Records shown:
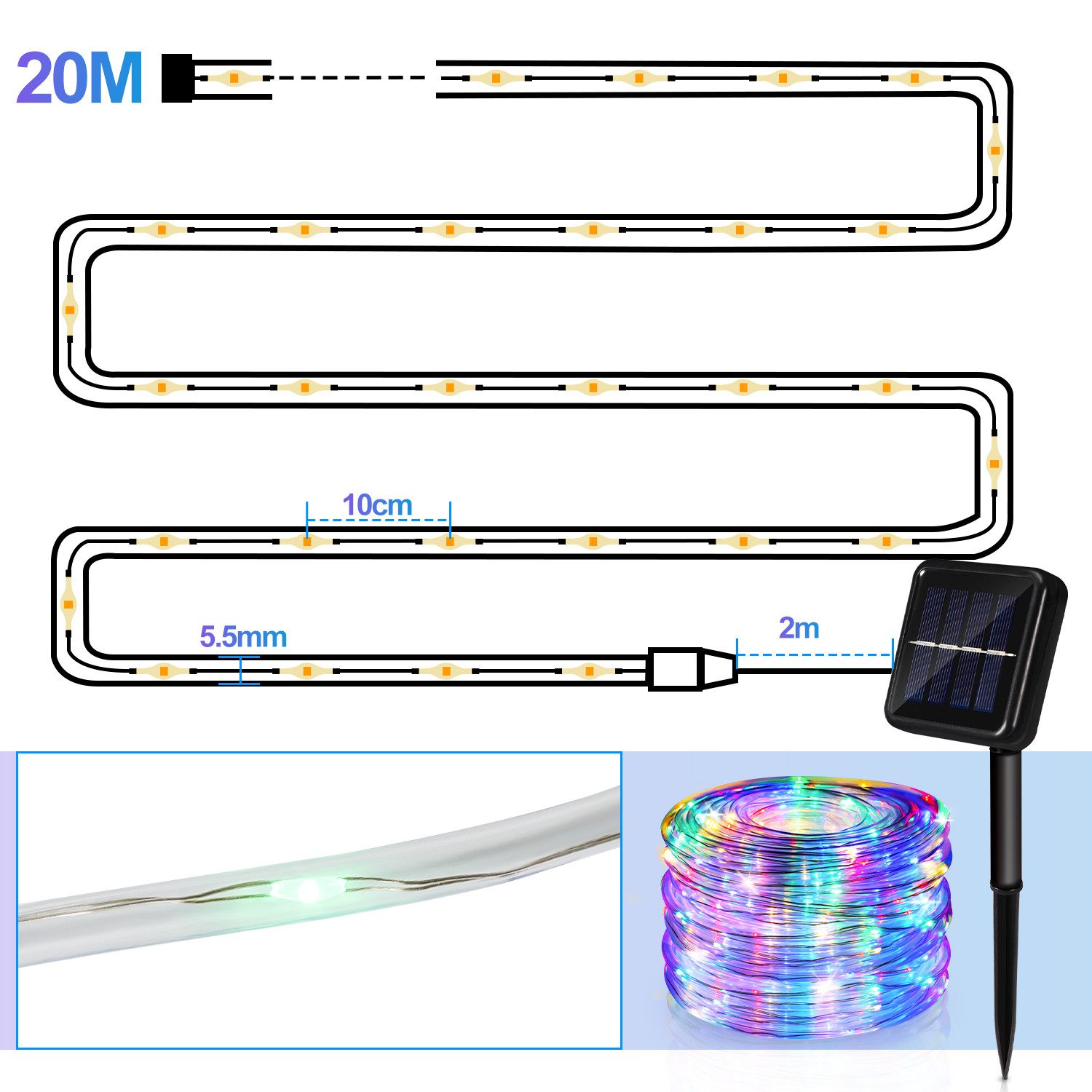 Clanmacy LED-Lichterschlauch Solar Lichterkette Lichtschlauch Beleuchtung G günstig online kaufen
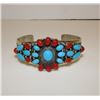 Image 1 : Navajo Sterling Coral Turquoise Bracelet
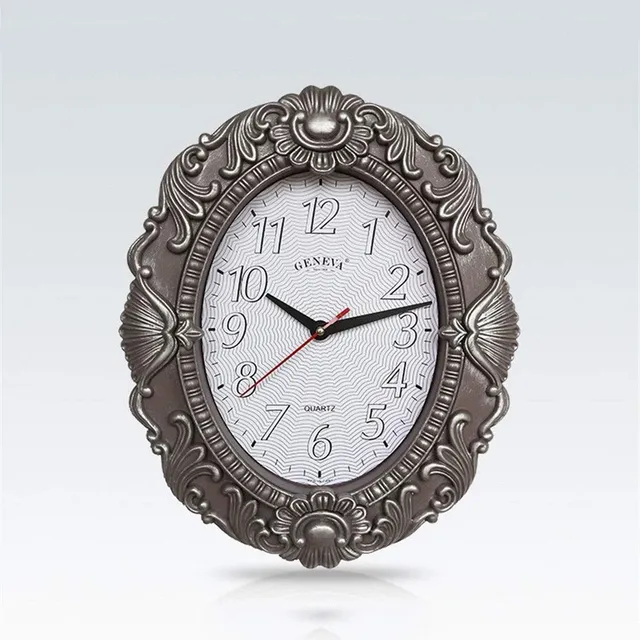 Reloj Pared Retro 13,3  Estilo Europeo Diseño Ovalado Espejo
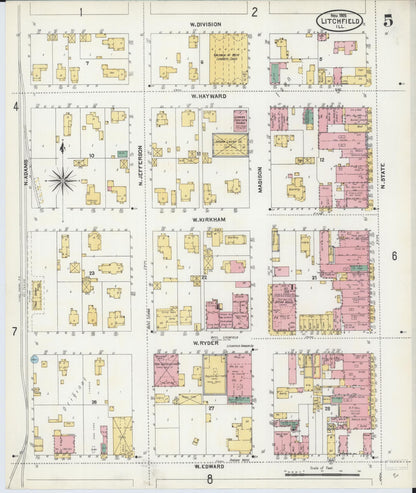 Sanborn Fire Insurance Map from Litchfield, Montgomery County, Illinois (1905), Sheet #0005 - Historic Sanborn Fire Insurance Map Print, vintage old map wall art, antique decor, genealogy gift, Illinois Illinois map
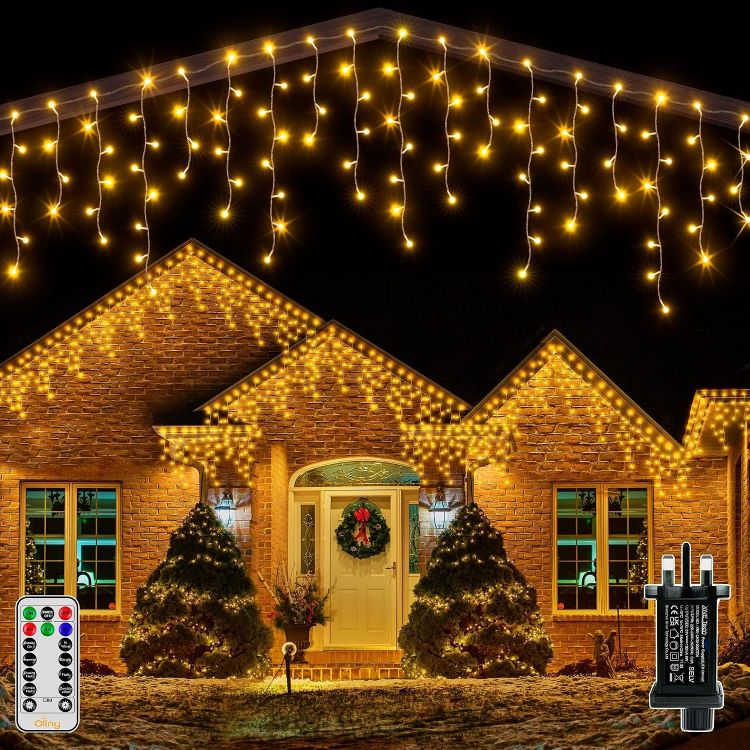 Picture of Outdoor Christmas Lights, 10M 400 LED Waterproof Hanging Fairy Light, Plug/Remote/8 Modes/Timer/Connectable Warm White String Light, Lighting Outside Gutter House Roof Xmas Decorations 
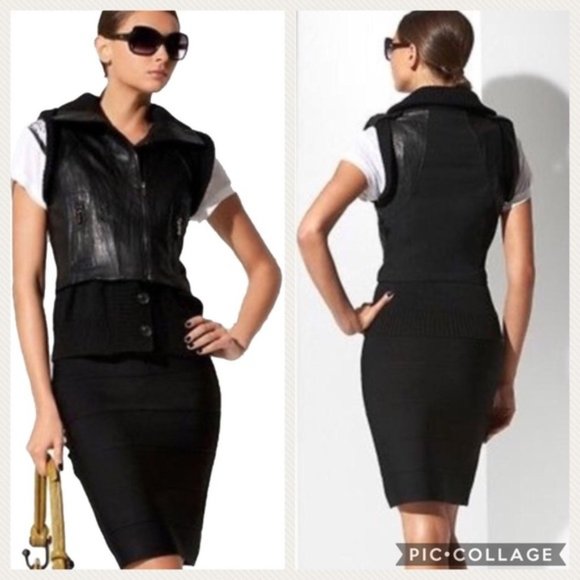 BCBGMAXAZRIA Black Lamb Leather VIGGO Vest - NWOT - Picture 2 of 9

Your objective:
Please restate each entry exactly, but drop any picture it holds.

Answer for the task:
 Clanmacy LED-Lichterschlauch Solar Lichterkette Lichtschlauch Beleuchtung G günstig online kaufen
 Image 1 : Navajo Sterling Coral Turquoise Bracelet
 Reloj Pared Retro 13,3  Estilo Europeo Diseño Ovalado Espejo
 Sanborn Fire Insurance Map from Litchfield, Montgomery County, Illinois (1905), Sheet #0005 - Historic Sanborn Fire Insurance Map Print, vintage old map wall art, antique decor, genealogy gift, Illinois Illinois map
 Picture of Outdoor Christmas Lights, 10M 400 LED Waterproof Hanging Fairy Light, Plug/Remote/8 Modes/Timer/Connectable Warm White String Light, Lighting Outside Gutter House Roof Xmas Decorations 
 BCBGMAXAZRIA Black Lamb Leather VIGGO Vest - NWOT - Picture 2 of 9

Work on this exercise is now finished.